Cop Out

The best joke in “Cop Out” isn’t even in the movie, it’s in the title. The film was originally called “A Couple of Dicks,” using the old slang term for detectives, but Warner Bros. blanched at the thought of putting it on billboards and TV commercials. Party poopers, right? A change had to be made, and someone came up with “Cop Out,” which means nothing in the context of the film but makes for a nice meta-commentary on the behind-the-scenes controversy.

And yeah, that’s the best joke. In fact, it’s almost the only joke. “Cop Out” is a pointless homage to the cheesy buddy-cop action comedies of the 1980s, employing all the familiar tropes but failing to do anything with them. It’s not a parody of those movies, you see. It’s just … one of those movies. But why? You can turn on HBO or TBS any hour of the day and see something just like this, only it will actually be from the ’80s, not just in the style of it.

The dicks referenced in the former title are Jimmy Monroe (Bruce Willis) and Paul Hodges (Tracy Morgan), New York City cops who have been partners for nine years and have the kind of bickering rapport that comes from working together and from being fictional characters. Jimmy has an ex-wife with a rich new husband, and a daughter (Michelle Trachtenberg) who’s about to get married in a very expensive fashion. Paul has a current wife (Rashida Jones) who he thinks is cheating on him.

But never mind. None of that matters. What matters, sort of, is that there’s a drug cartel run by a loco Mexican dude named Po Boy (Guillermo Diaz), and a serial burglar named Dave (Seann William Scott), and a highly valuable baseball card that Jimmy wants to sell, and all these things intersect in the convoluted, high-octane manner of a “Lethal Weapon” or what-have-you.

That’s the plot. The plot doesn’t really matter, does it? A movie like this, you’re interested in the witty banter and the awesome action scenes. “Cop Out” doesn’t have those. What it has is Tracy Morgan delivering non sequiturs the way he does on “30 Rock,” only with a great deal more profanity. Some of them are funny. But Bruce Willis, who could do this kind of thing in his sleep, seems to be doing this kind of thing in his sleep, and the screenplay — by brothers Robb Cullen and Mark Cullen (TV’s “Las Vegas”) — gives him nothing to do anyway. Almost all of the film’s scattered laughs are Morgan’s doing.

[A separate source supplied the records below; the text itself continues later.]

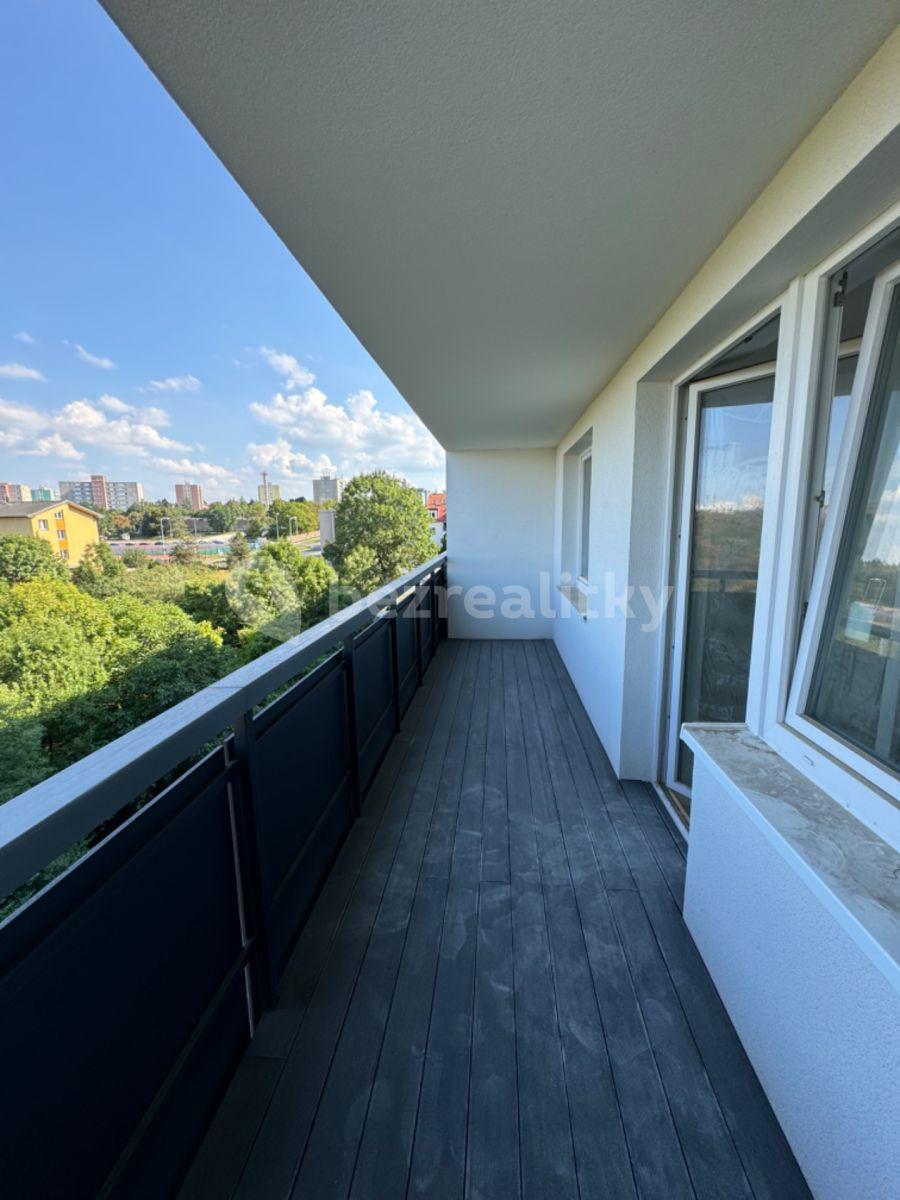 Prodej bytu 3+kk 74 m², Psárská, Praha, Praha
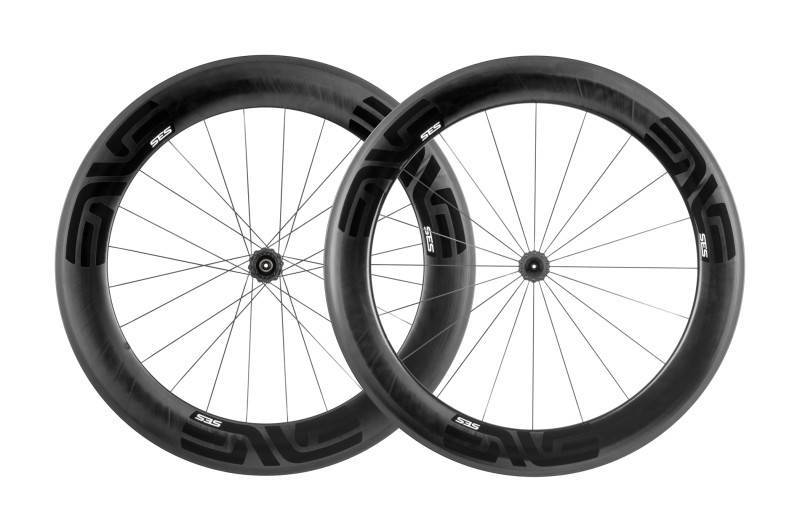 ENVE Upgrade Program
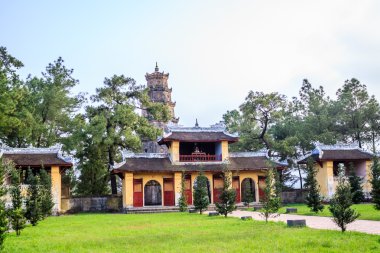 Yasak Şehir, renk tonu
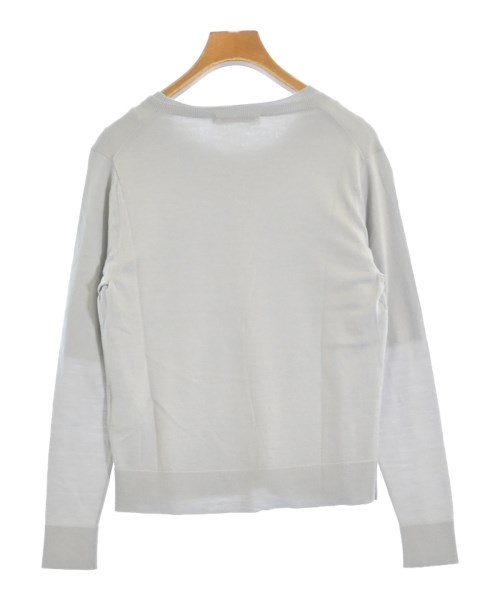 ANAYI（アナイ）アンサンブル グレー サイズ:38(M位) レディース/2200677798097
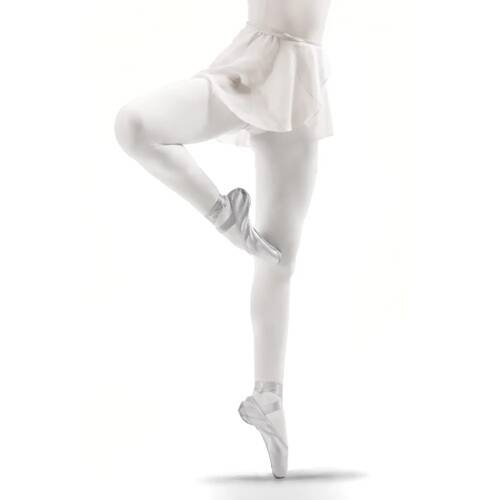 Rajstopy Dziewczęce Claudia Sesto Senso- biały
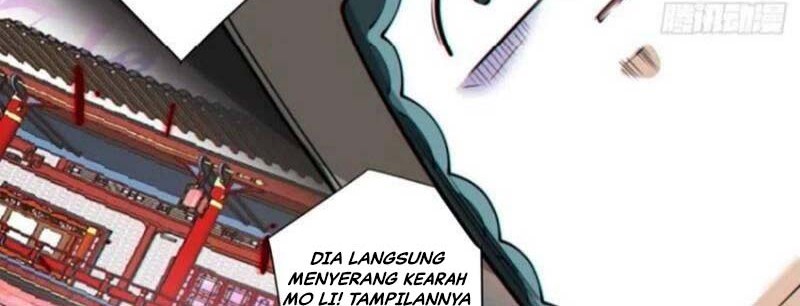 My Disciples Are All Big Villains Chapter 313 - halaman 19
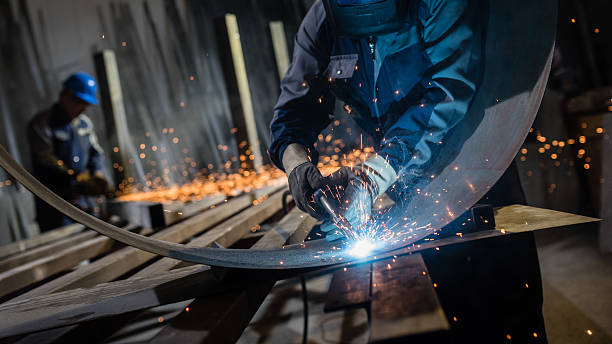 Best Aerospace and Defense Welding in White Settlement, TX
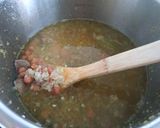 Foto del paso 4 de la receta Empedrado 💪😝😊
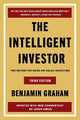 The Intelligent Investor, 3rd Ed.: The Definitive Book on Value Investing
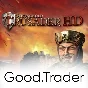 Stronghold Crusader HD - Offline Steam account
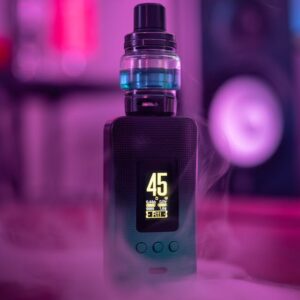 CloudBeast Ultra Vape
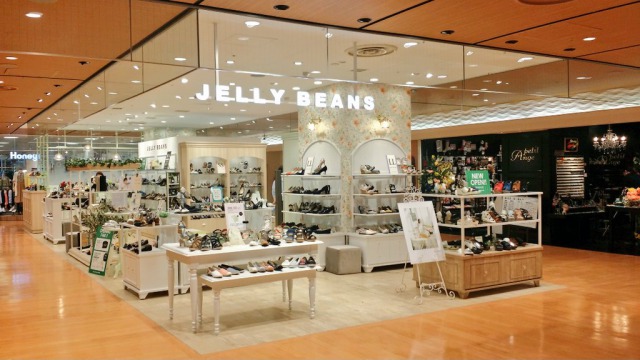 シャミネ松枝店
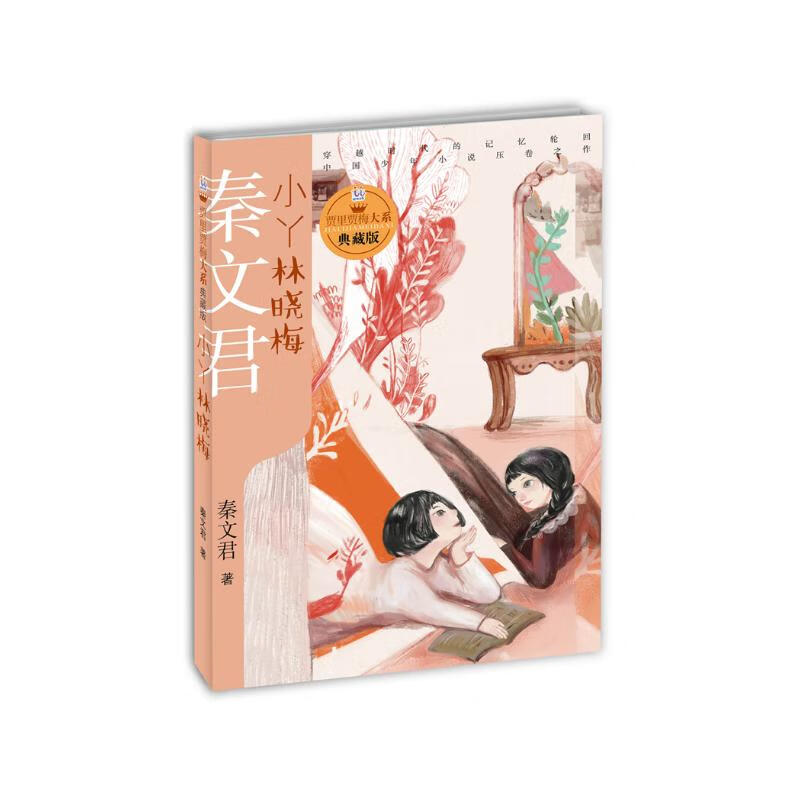小丫林晓梅/贾里贾梅大系·典藏版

Notably, this is the first film Kevin Smith (“Clerks,” etc.) has directed that he didn’t write himself. But they got it backwards. Smith is a far better writer than he is a director; if anything, someone else should be directing a screenplay he wrote, not the other way around.

It’s not clear what Smith was going for here. The usual plot devices are assembled: sexy female witness (Ana de la Reguera), blustery police captain (Sean Cullen), rival cops (Kevin Pollak and Adam Brody) who give our heroes a hard time, lots of shootouts. There’s even a musical score by Harold Faltermeyer, of “Beverly Hills Cop” soundtrack fame. But why recreate an ’80s action comedy if you’re not going to spoof it, or subvert it, or do something — anything — fun with it? What a curious misfire this is — and, as it turns out, an aptly named one.

C- (1 hr., 47 min.; R, pervasive harsh profanity, some strong violence, some sexual dialogue.)